Однако распоясавшийся херстовец еще не высказался до конца.
– Вы, может быть, презираете Спайка, – все более входя в азарт, продолжал он, – но я вам скажу, что его оркестр лучше представляет американскую культуру, чем десяток «Карнеги-холлов». Там музей древностей. Да, да, европейских музыкальных древностей… И гиды в этом музее тоже из европейских эпигонов. Кто там дирижирует? Тосканини, Стоковский, Клемперер. А кто солисты? Крайслер, Хейфец, Сигети, Казадезюс. Заметьте, ни одного американца! Поль Робсон или Мариан Андерсон – не в счет. Я говорю о настоящих, стопроцентных американцах. И это не случайно! Американской душе чужда выродившаяся европейская музыка…
Гнусная черносотенная физиономия наглого херстовца проявилась в этом разговоре во всей ее неприглядности. Отвратительные «идеи», в столь откровенной форме высказанные Джибсом, не были, разумеется, его личным достоянием. Они прежде всего характеризовали боссов этого продажного писаки и их отношение к музыкальной культуре, определяющее ее развитие, вернее – ее упадок, в Соединенных Штатах.

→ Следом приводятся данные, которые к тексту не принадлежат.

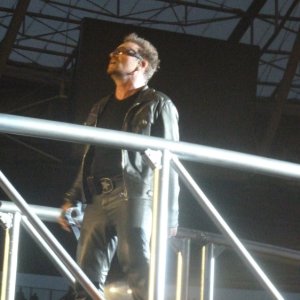 Bono listening to the crowd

После того как Джибс ушел, мой собеседник с отвращением посмотрел ему вслед и сокрушенно покачал головой.
– Самое ужасное, – с видимым смущением сказал он, – что этот негодяй кое в чем прав. Американские обыватели действительно предпочитают джаз любой симфонической музыке. Большинство американских композиторов пишет для джаза. Я, например, пишу сейчас одну серьезную вещь. Но это пока только для себя. Да и вообще я не знаю, увидит ли она когда-нибудь свет. А чтобы существовать, я сочиняю джазовые мелодии для рекламных объявлений по радио. Иногда мне удается продать кое-что фирме, поставляющей репертуар «ночным клубам». Я понимаю, что это не музыка. Но что я могу поделать?
Путь Крокера, как и многих других американских композиторов, заранее предопределен. Никакие симфонии и квартеты не способны обеспечить им нормальные условия существования. Поэтому они и вынуждены ежедневно поставлять десятки джазовых какофоний и пошлейших «лирических» песенок. Тем, кто не слышал американских модных песенок, невозможно представить себе, насколько они бесцветны и убоги. Композитор Зигмунд Ромберг, считающийся в Америке одним из ярких музыкальных светил, беззастенчиво похвалялся тем, что им написано около пятисот песенок, не говоря о нескольких десятках опереток для Бродвея. Большинство его песенок похожи одна на другую, как две капли воды. То же самое можно сказать и о тексте. О ценности «творений» Зигмунда Ромберга можно судить по таким их выразительным названиям, как, например: «О, девушки-вампиры», «Целуйте взломщиков», «Леди-пиратка», «Счастливые готтентоты», «Прямо из сточной канавы»… Вот уж поистине лирика сточной канавы! Подобного рода «творческие достижения» удостаиваются в Америке высокой общественной оценки: Зигмунд Ромберг получил звание почетного гражданина Канзас-сити и Далласа. Кроме того, он произведен в почетные полковники Национальной гвардии штата Луизиана и избран масоном 32-й степени в масонском святилище в Балтиморе.